I don’t recall the first time I heard Blackwater, but I loved the Doobies and all their other stuff. For some reason, I came to associate the song with the trip to Florida. I remember driving through the night and waking up as we entered Mobile, Alabama. We had never been in Alabama before, and since our family travelled extensively, it was an event for mild celebration. Since our route took us near the port of Mobile, I remember the lights on the port cranes, and the salty smell of the Gulf of Mexico wafting through the open windows of the car as we sped along, ever South and East. I remember the moss hanging from the  trees, and the air plants growing  off the sides of the trees. We were really surprised that the interior of Florida was filled with pine trees and farms with grassland for livestock … I guess we expected palm trees or swamps… so we felt at home by the sight of western boots, hats, and belt buckles. All those began to disappear as we neared the coast, to be replaced by boat shoes, brightly colored floppy hats, and the sun-reddened, peeling skin of the tourist crowd.

I remember becoming part of the tourist crowd. Except my usual attire while in Kansas wasn’t western, but that of a small town jock, trying desperately to look like the athletes I saw on TV or in Sports Illustrated. On a trip to Busch Gardens in Tampa, I purchased a nylon mesh athletic shirt with my favorite number and name ironed on the back. Please understand, the shirt wasn’t the nylon too-wide-mesh-too-redneck-for-my-own-or-anybody-else’s-good-you-wanna-see-my-pecs shirt. Nope! It was small-hole-mesh. Tear-away jerseys were the trend in major college football at the time, and I mistakenly believe my new shirt was made of the same material. I also bought a white cotton visor. The trip to Busch Gardens and a trip on a boat into the Gulf, gave me the trite sunburn. But, I felt cool.

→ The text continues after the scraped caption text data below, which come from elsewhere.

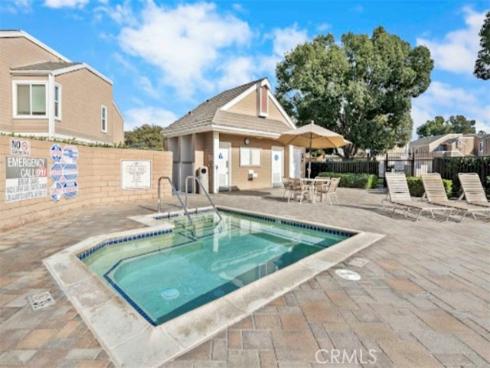 10452 W Briar Oaks  203  Drive, Stanton, CA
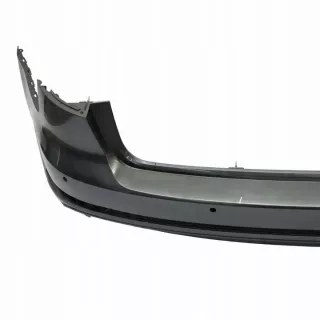 8W9807067D Бампер задний Audi A4 B9 Арт e11950926, вид 2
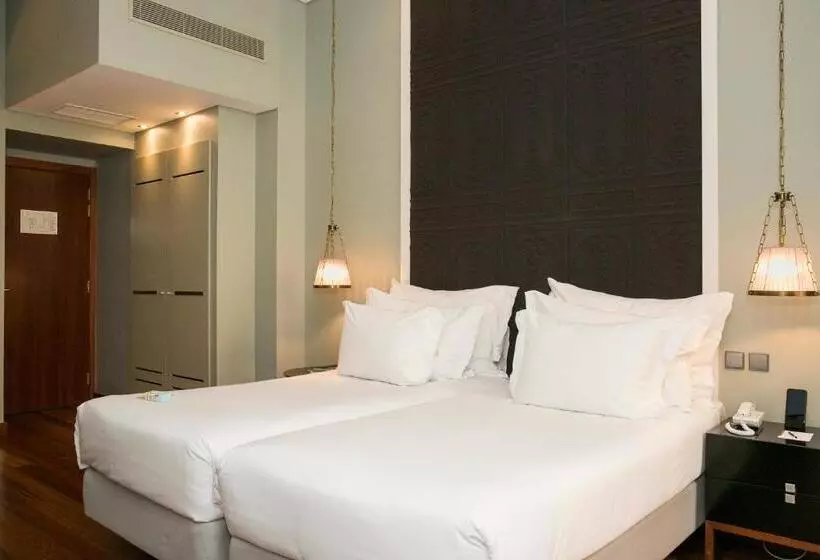 Quarto Superior Cama King, Pousada de Lisboa, Small Luxury Hotels of the World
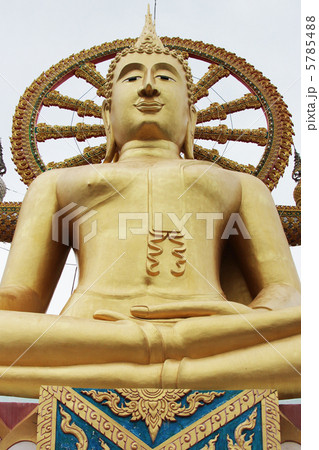 ビックブッダ 5785488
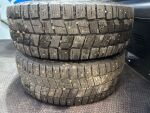 Ford Transit Custom 2024 Harmaa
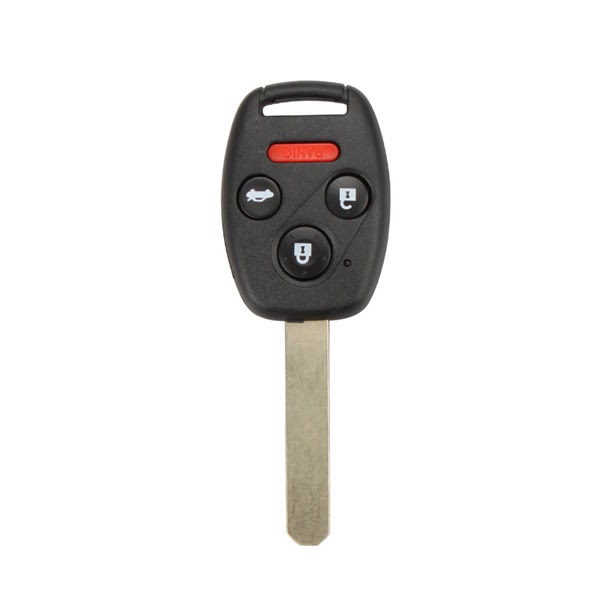 honda remote control key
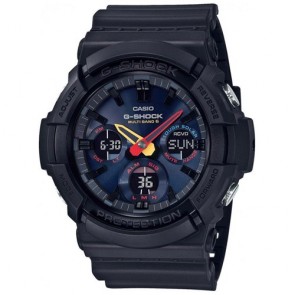 Casio Watch G-Shock Wave Ceptor GAW-100BMC-1AER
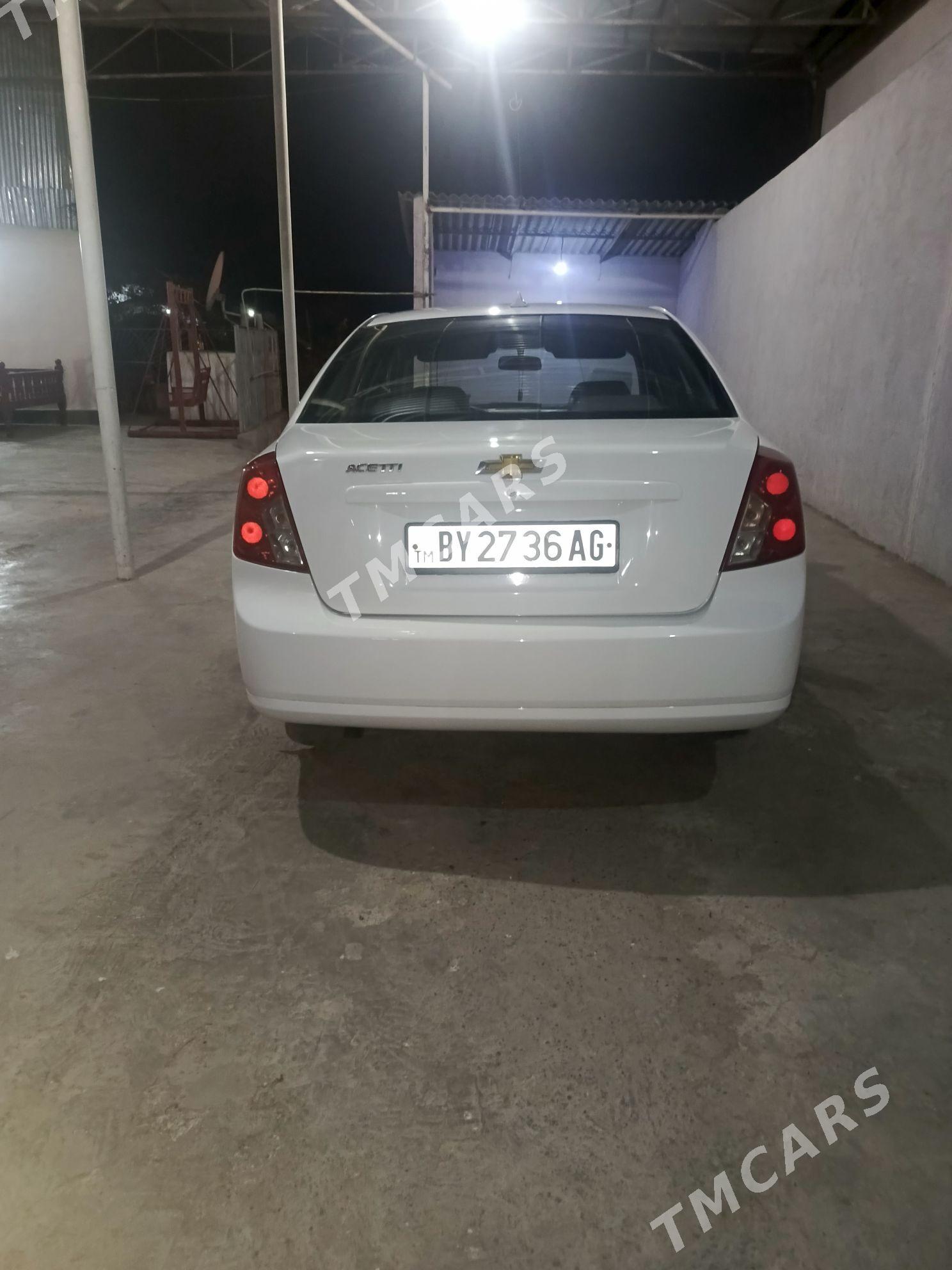 Daewoo Lacetti 2008 - 67 000 TMT - Aşgabat - img 8
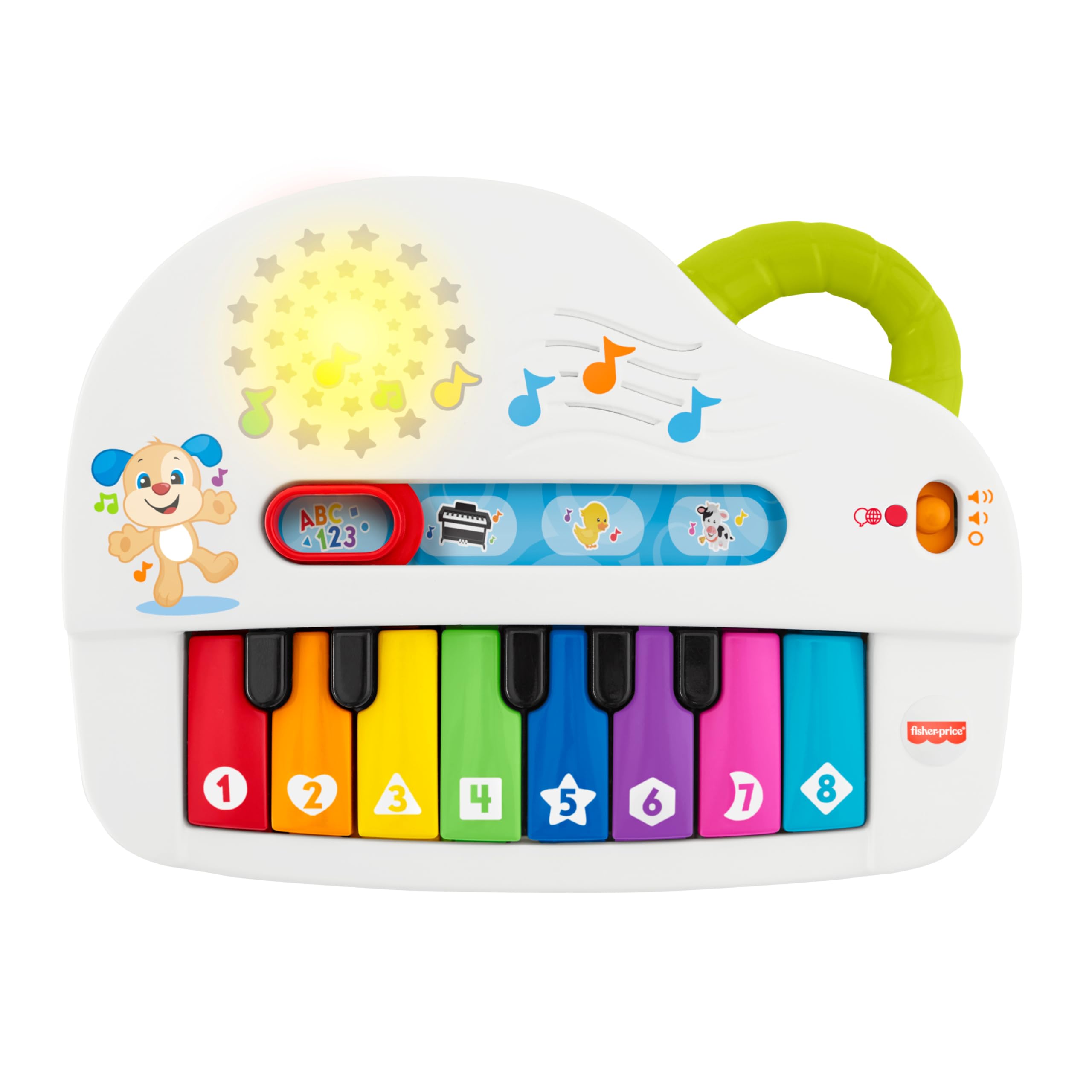 Fisher-Price HCJ12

When we returned home, I remember riding my bike up to a little doughnut shop on main street… or at least I THINK it was a doughnut shop………. Actually, I don’t really remember what they sold… and whatever it was, it must not have been much, because it went out of business within a short period of time. What I DO remember, however, was that the shop had a couple pinball machines, a foosball machine, and a juke box with Blackwater on it. We would come in and just hang out there…… Oh… maybe THAT’S why they went out of business….. Anyway, I remember walking into that shop with my cool shirt, cool visor, tan-that-was-soon-to-begin-peeling, and shaggy blond hair coming out the top and sides of the visor. I was a seasoned, urbane world traveller, returning to the… “sniff”… sticks. To remind myself of the beach, and water, and sun, and bikinis, but also of the freedom of the road, and the pine trees, and moss-laced trees, and steel, light-topped cranes in the harbor blinking their presence to the blackened sky, I would put a quarter in the juke box, and play the Doobies…

Since then, Blackwater has returned me to the simplicity of  life left somewhere along the way. The smell of the sun tan lotion and salty spray  still whisper to me to return, but more to the point is a return to the enjoyment of life where I am. I hear the wind chimes in the beginning of the song, and tell myself, “Ok…relax… take in the beauty around you…. It’s there, but you have to slow down to see it.

Deep breath, now…

Keep on rollin’….

Keep on shinin’…

…ain’t got no worries….

…ain’t in no hurry…

…at all…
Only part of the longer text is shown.